Segment Open

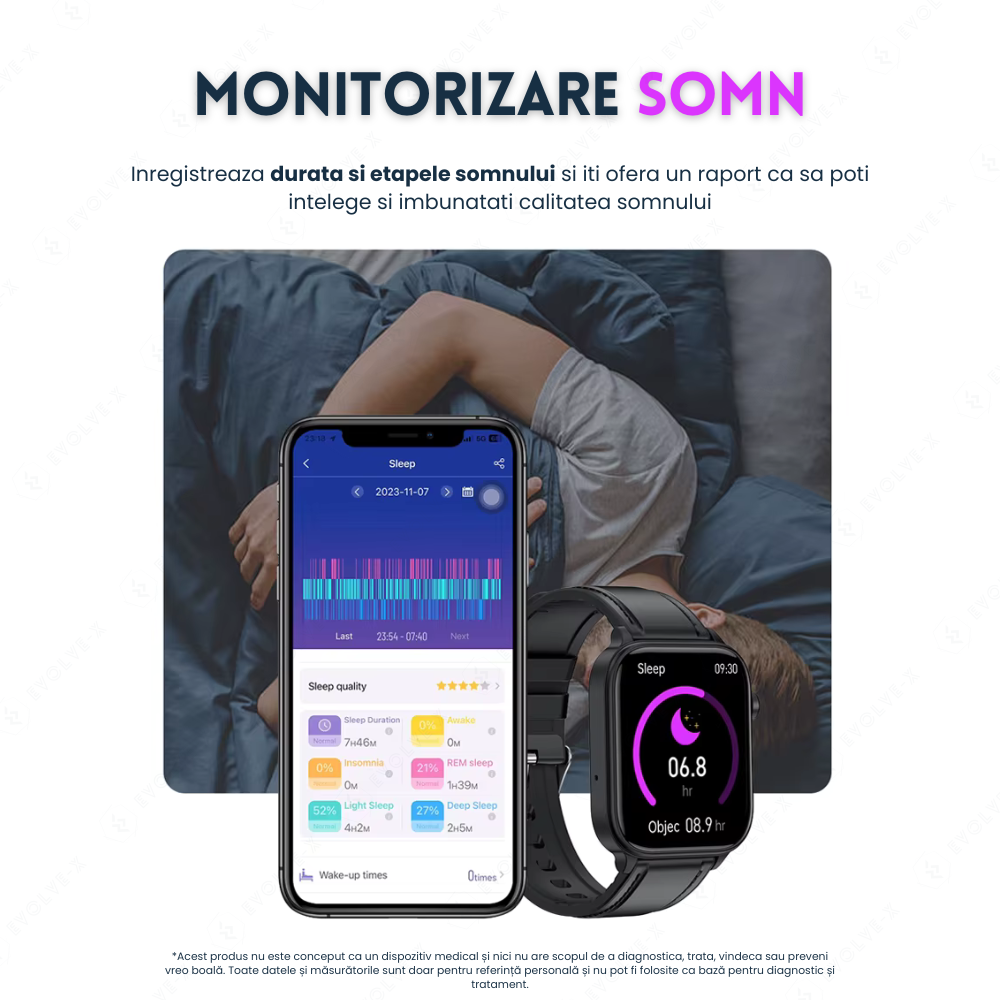 Ceas smartwatch Evolve-x® EvoPulse PRO, EKG, Apeluri si mesaje bluetooth, Monitorizare Sanatate, rose gold, curea crem [21]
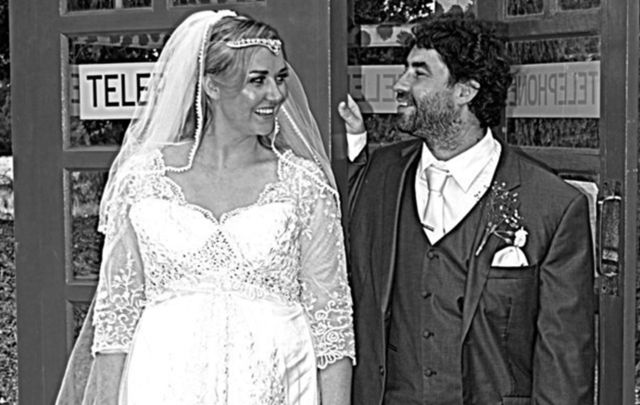 Aideen Cadwell and her husband Luke Cadwell on their wedding day. The couple may now be separated by Australian immigration authorities. 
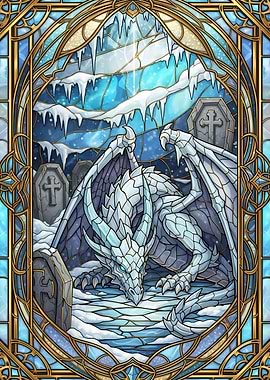 Ice Dragon Stained Glass Art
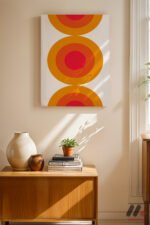 Turuncu Daireler Minimal Duvar Tablosu, Modern Ev Dekorasyonu - Görsel 8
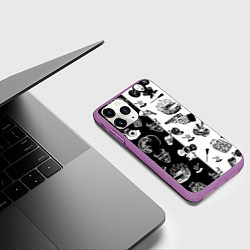 Чехол iPhone 11 Pro матовый КРОВОСТОК ТАТУИРОВКИ ЧБ, цвет: 3D-фиолетовый — фото 2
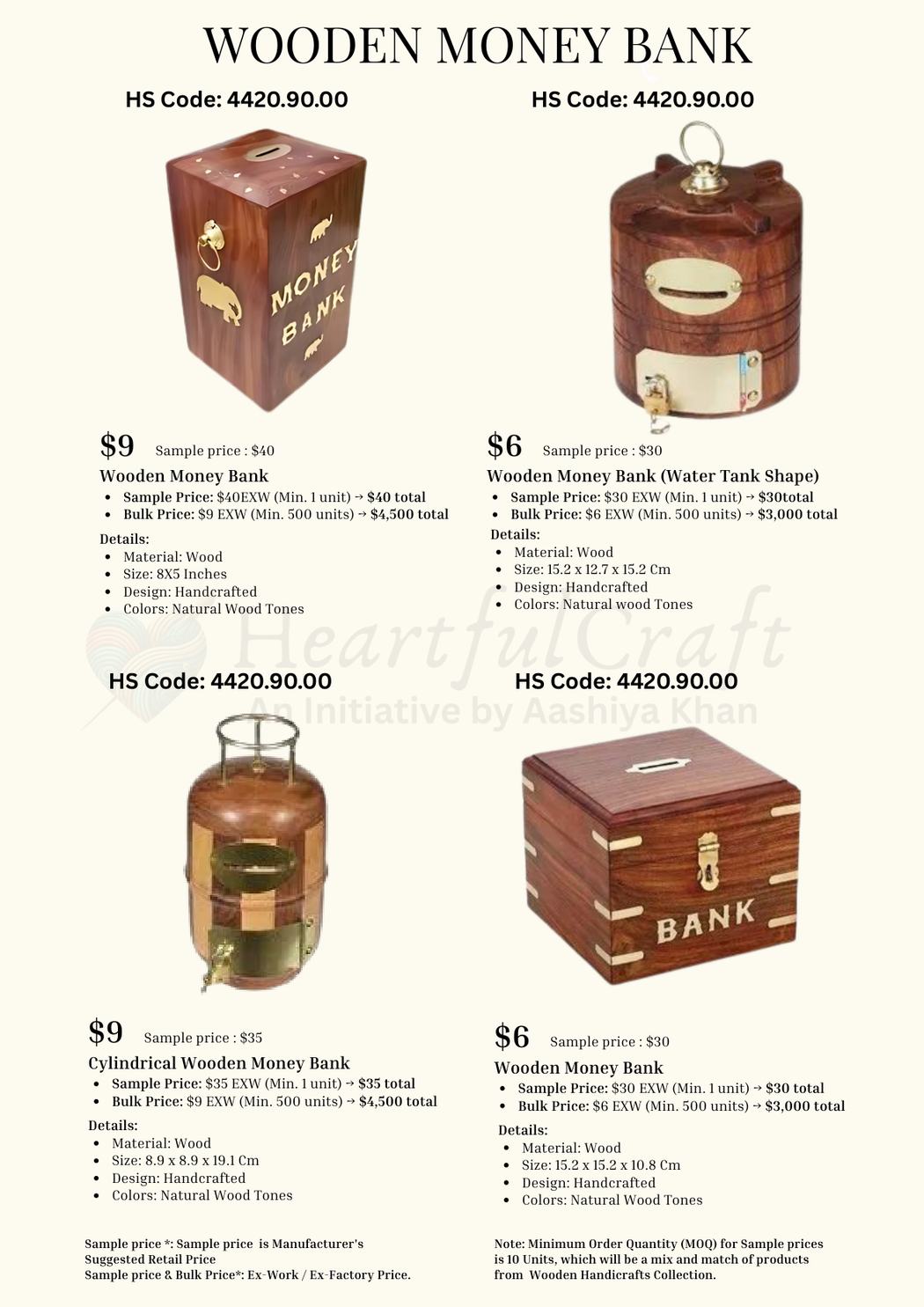 Wooden Money Bank catalogue page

Segment Closed

• Try it
Copy out the records above in full, exactly as written, but not the pictures.

• Answer to the problem
 Ceas smartwatch Evolve-x® EvoPulse PRO, EKG, Apeluri si mesaje bluetooth, Monitorizare Sanatate, rose gold, curea crem [21]
 Aideen Cadwell and her husband Luke Cadwell on their wedding day. The couple may now be separated by Australian immigration authorities. 
 Ice Dragon Stained Glass Art
 Turuncu Daireler Minimal Duvar Tablosu, Modern Ev Dekorasyonu - Görsel 8
 Чехол iPhone 11 Pro матовый КРОВОСТОК ТАТУИРОВКИ ЧБ, цвет: 3D-фиолетовый — фото 2
 Wooden Money Bank catalogue page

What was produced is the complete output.